[Brief] The answer is an exact copy of the lines from the one with "Wurth Elektronik 434121050816" to the end of the listing below, pictures left out.

[Records shown]
>>>
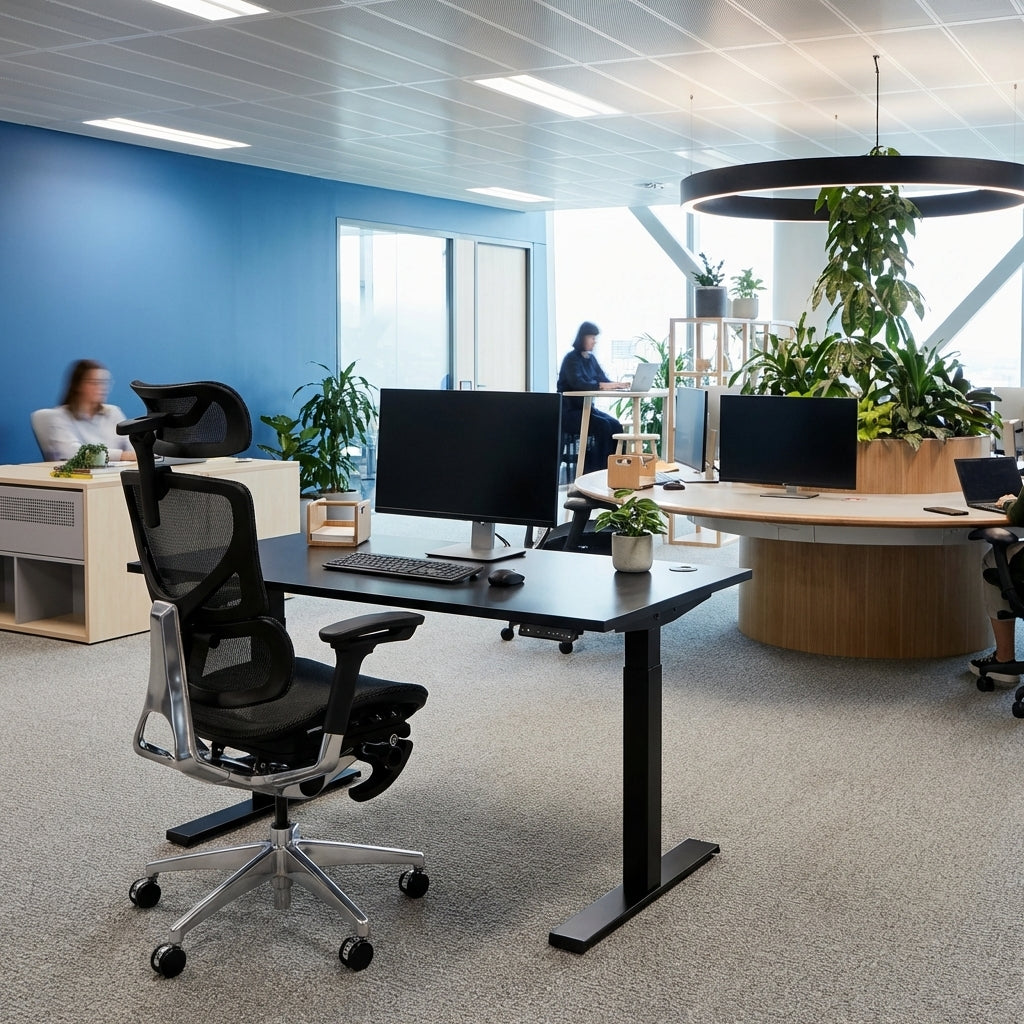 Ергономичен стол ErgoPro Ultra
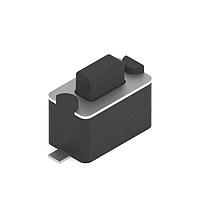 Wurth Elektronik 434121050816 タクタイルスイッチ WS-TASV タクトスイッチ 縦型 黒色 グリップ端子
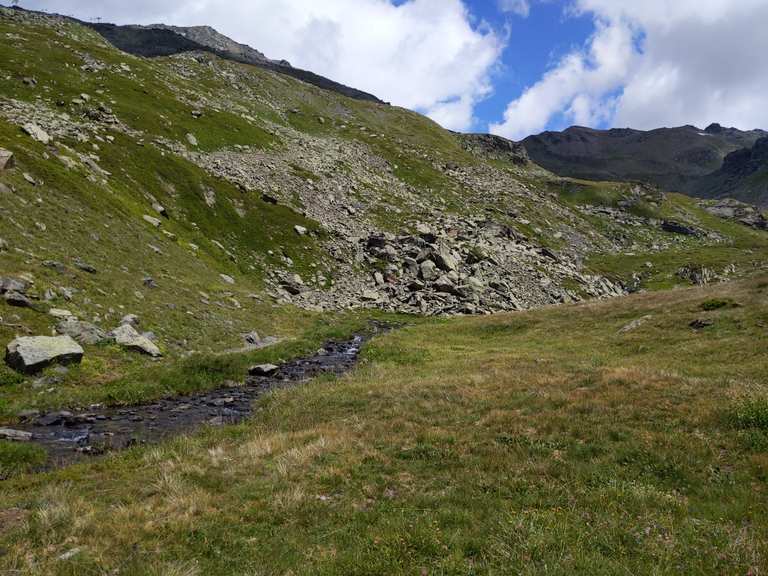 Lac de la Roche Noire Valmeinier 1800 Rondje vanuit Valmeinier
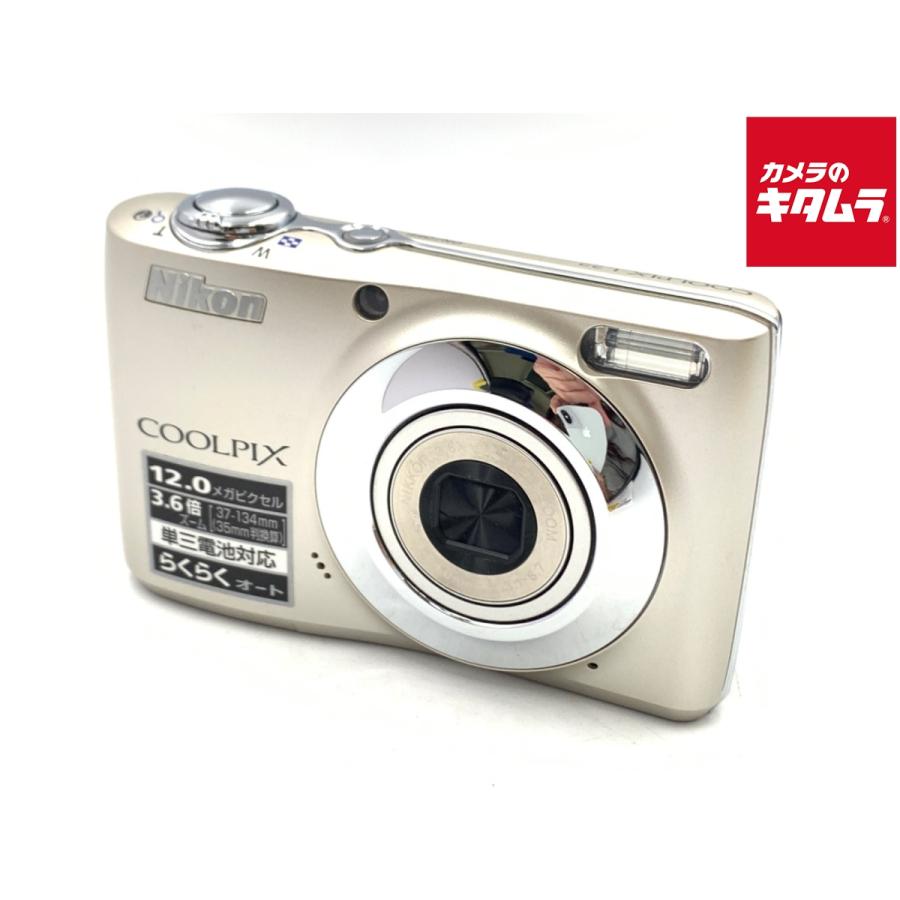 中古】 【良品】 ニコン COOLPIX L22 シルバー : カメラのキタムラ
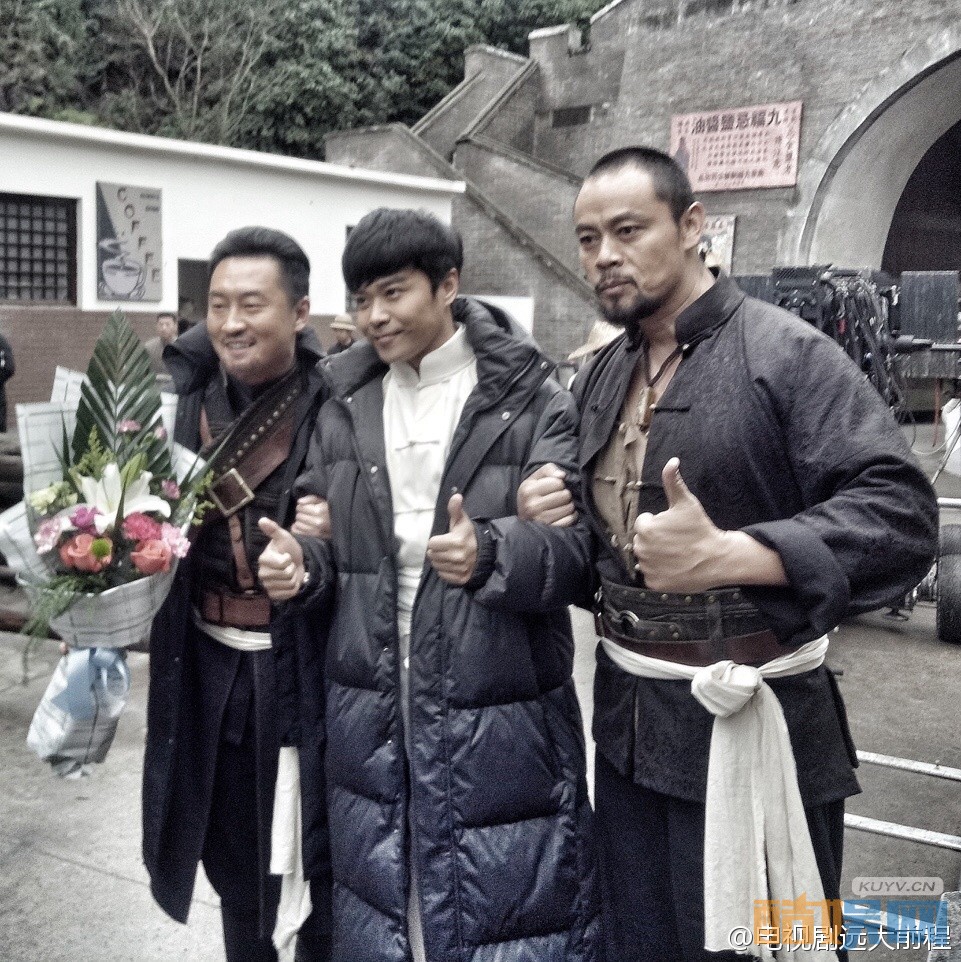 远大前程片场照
<<<
[Task answer]
 Wurth Elektronik 434121050816 タクタイルスイッチ WS-TASV タクトスイッチ 縦型 黒色 グリップ端子
 Lac de la Roche Noire Valmeinier 1800 Rondje vanuit Valmeinier
 中古】 【良品】 ニコン COOLPIX L22 シルバー : カメラのキタムラ
 远大前程片场照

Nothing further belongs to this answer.